The problem with that approach is that introducing a new scope at the server causes old clients to lose protection, because they don't understand the old scopes. So we need to go back to a set (or list).

I tend to think that the number of scopes will be low, so I'm inclined to use a bitfield for this (16 bits seems like it is enough) so that we don't have to grapple with the complications that come with list parsing. The minimum size is the same as opaque<1..255>, but it doesn't increase in size, so it is easier to process.

Just use IP+port

@bemasc says:

Overall, I still think SNIP would be more useful if it focused on the scope of "same IP and port number", which would minimize coordination problems and increase utility in most use cases. That happens to be the effect of the "QUIC" scope anyway. I would call this the "default" scope.

IP:port or IP:port:hostname?

Currently, if multiple hosts share an IP, the draft essentially says that the server is expected to offer the same set of protocols to clients that request any protocol. That really needs to be explicitly stated or there will be questions. I believe that this is the right answer, but it does have operational consequences and so it needs to be clear.
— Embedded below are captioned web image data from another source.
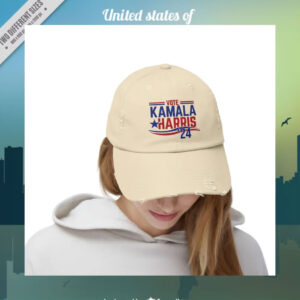 Vote Kamala Harris 2024 Hat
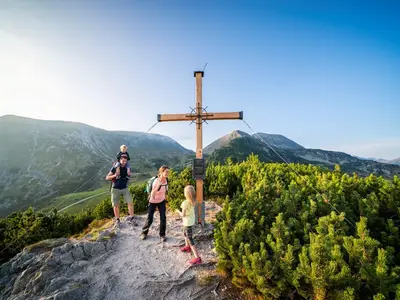 Wandern_Mein 1. Gipfel in den Nockbergen_Familie_M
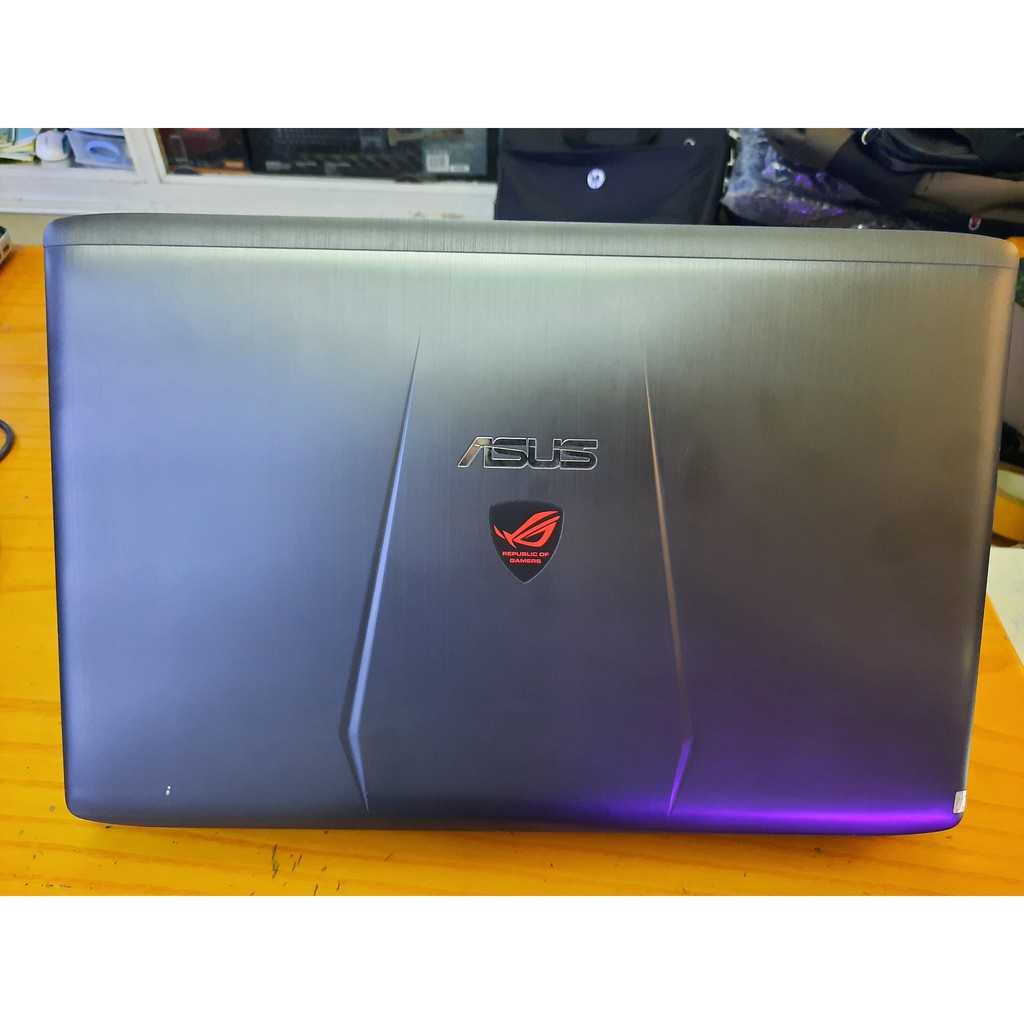 Laptop Asus GL752VW–T4163D Core i7 6700HQ /8G /SSD 128G +1TB /Màn 17 inh FHD | WebRaoVat - webraovat.net.vn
The alternative is to further narrow the scope to explicitly include hostname. That's more or less what the draft means in practice, as there is no caching of the state. The state is implicitly constrained to a single connection attempt, so an attempt to connect to a different hostname would result in a different set of queries. Again, being clear that this is the case would help a great deal.

Default scope

@bemasc says

I'm having trouble understanding the "default authentication scope". How can this be a useful construct, if clients and servers are both forbidden from using it?

Section 7 says that ordinary connection to a service by its AAAA record and a well-known port "does not provide enough information to locate other incompatible protocols". That seems like a convention, rather than a matter of fact.

This might just go. That is, it can be as simple as: If your discovery mechanism isn't listed, then anything you might discover using that method can't be authenticated.